The gas retail price has surged by up to 44% since last February. Meanwhile, the import price has only inched up by 28%, and the dong-dollar exchange rate in this period has not changed much. Therefore, it cannot be confirmed that the gas price increase is inevitable as price authorities asserted on March 1.

The gas retail price has surged by up to 44% since last February. Meanwhile, the import price has only inched up by 28%, and the dong-dollar exchange rate in this period has not changed much. Therefore, it cannot be confirmed that the gas price increase is inevitable as price authorities asserted on March 1.

The liquefied petroleum gas (LPG) early this month soared strongly to VND477,000-490,000 per 12-kilogram cylinder, marking the third rise since the year’s beginning. According to gas suppliers, they have no choice but to increase the gas price as the global price from this month has gone up by US$180 per ton to US$1,205. After the Ministry of Finance cut the gas import tax from 5% to 0%, gas price went down by VND16,000 per cylinder. But the question is why the local retail price goes up immediately right after the global price hike while other products do not.

Who benefits from the price rise?

Vietnam consumed over 1.3 million tons of gas last year, with 745,490 tons imported and the rest of nearly 600,000 tons produced at Dinh Co and Dung Quat plants.
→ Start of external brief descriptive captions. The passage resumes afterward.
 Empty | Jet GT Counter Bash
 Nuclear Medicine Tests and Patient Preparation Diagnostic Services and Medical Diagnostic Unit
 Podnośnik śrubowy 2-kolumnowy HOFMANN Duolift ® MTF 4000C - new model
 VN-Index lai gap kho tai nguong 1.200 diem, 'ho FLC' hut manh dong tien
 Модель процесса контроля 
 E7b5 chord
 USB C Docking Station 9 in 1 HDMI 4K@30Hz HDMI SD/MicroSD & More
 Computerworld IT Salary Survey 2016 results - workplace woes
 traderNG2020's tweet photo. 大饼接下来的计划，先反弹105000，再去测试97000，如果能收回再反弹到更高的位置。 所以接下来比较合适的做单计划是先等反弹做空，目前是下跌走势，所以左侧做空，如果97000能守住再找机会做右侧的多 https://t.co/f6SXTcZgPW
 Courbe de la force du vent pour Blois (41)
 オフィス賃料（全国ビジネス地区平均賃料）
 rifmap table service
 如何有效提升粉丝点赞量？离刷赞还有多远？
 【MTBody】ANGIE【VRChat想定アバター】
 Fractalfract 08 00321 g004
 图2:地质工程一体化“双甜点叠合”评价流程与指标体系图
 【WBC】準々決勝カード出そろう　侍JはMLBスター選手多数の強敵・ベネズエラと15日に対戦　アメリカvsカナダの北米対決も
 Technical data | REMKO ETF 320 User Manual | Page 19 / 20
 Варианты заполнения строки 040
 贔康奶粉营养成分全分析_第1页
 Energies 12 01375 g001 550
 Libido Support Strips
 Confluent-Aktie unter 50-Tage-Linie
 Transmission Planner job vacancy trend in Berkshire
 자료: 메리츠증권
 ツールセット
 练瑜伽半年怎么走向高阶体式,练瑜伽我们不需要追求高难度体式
PetroVietnam Gas Corporation (PV Gas) is currently holding the distribution right of all gas produced domestically. In addition to its advantage of possessing a storage and tanker system, PV Gas is the largest gas importer of Vietnam with a market share of up to 70-80%.

According to statistics from the General Department of Customs, the monthly gas import volume was around 60,000 tons in the second half of last year. Together with the domestically-produced volume, Vietnam still has an ample gas stockpile for the demand in at least one month. Meanwhile, it is noticeable that the import volume in last year’s fourth quarter shrank considerably to a monthly average of 42,476 tons. This figure is understandable due to a decline in building material production, one of the industries using a large volume of gas.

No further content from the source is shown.